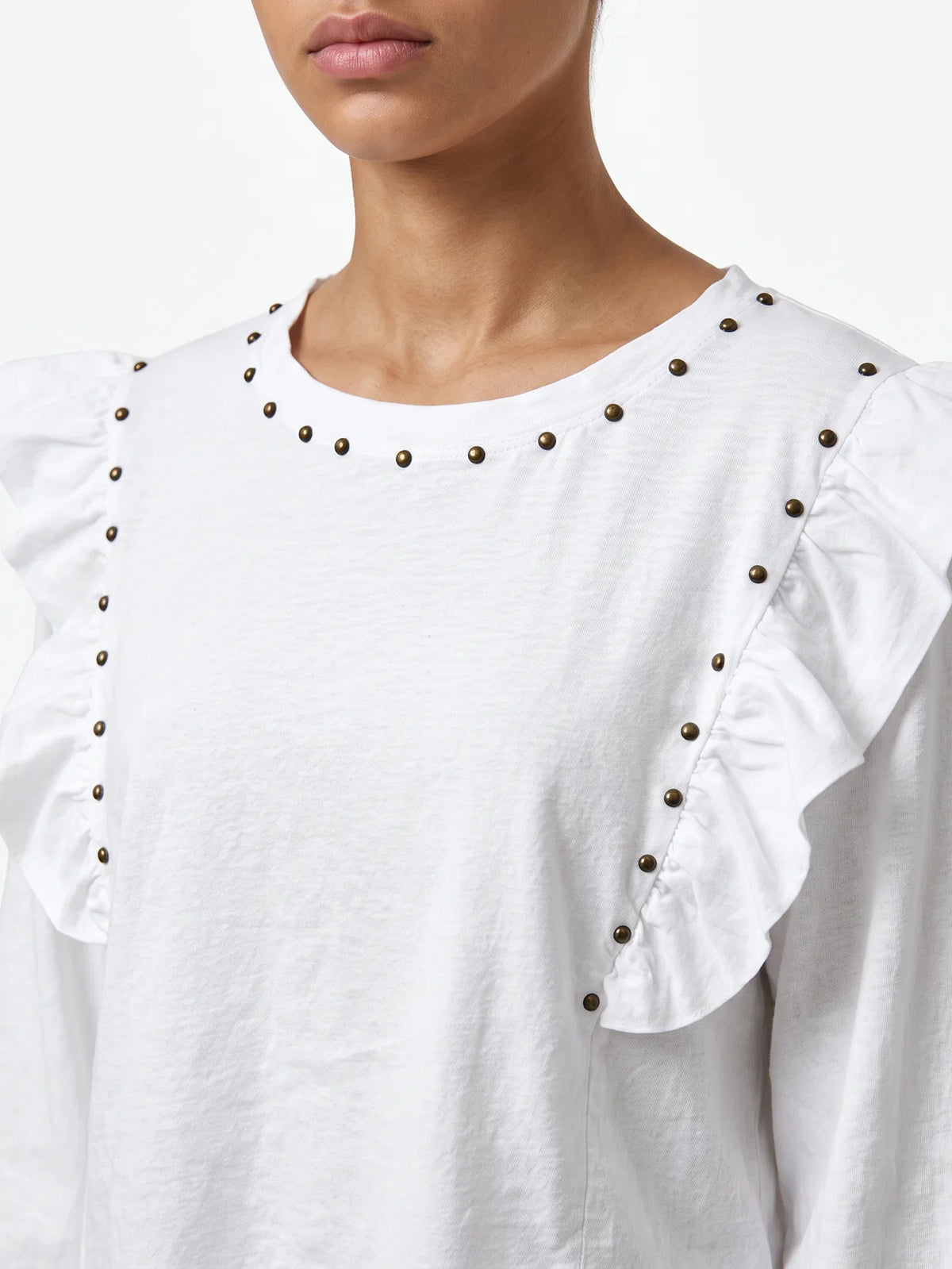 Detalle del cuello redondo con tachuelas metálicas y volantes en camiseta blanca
* * *
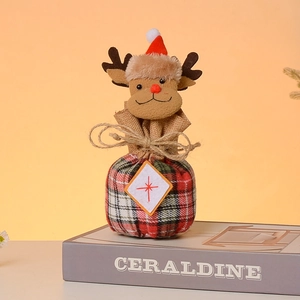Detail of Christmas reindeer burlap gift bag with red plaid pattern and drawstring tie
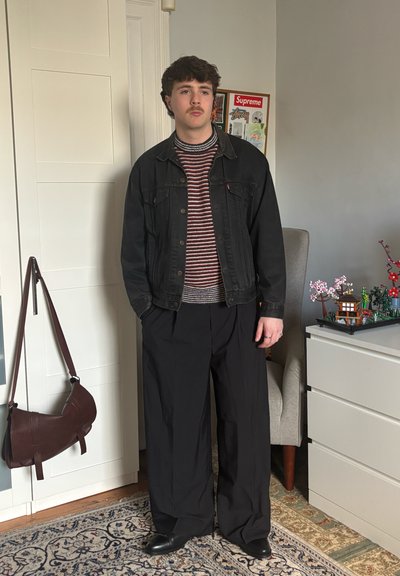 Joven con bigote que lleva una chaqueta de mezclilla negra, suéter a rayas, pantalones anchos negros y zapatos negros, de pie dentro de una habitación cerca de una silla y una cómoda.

**Problem to work on:**
Only the lines above from the one with "Detail of Christmas" to the one with "Joven con bigote" should be printed, both included and exactly as written; no picture belongs in the copy.

**Response:**
Detail of Christmas reindeer burlap gift bag with red plaid pattern and drawstring tie
 Joven con bigote que lleva una chaqueta de mezclilla negra, suéter a rayas, pantalones anchos negros y zapatos negros, de pie dentro de una habitación cerca de una silla y una cómoda.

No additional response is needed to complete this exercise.